Problem to work on: Look below for the line that has "Cirugía Hepática y de la Hipertensión Portal". Set down the lines from there through the line that has "IP experiment of", exactly as written.

Data listing:
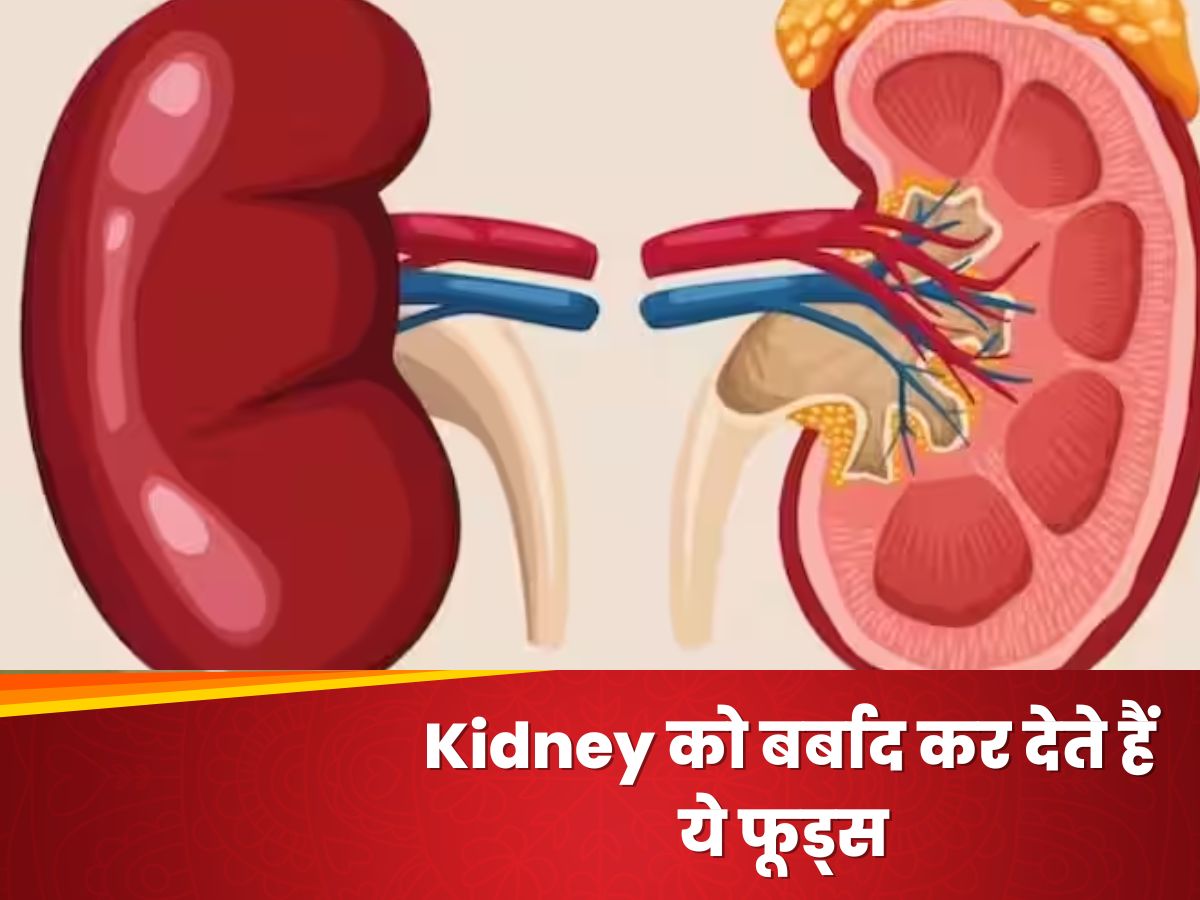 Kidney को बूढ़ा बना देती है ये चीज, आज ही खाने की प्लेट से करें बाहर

==

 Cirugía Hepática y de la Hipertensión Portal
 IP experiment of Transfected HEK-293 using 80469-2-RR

Answer box:
 Cirugía Hepática y de la Hipertensión Portal
 IP experiment of Transfected HEK-293 using 80469-2-RR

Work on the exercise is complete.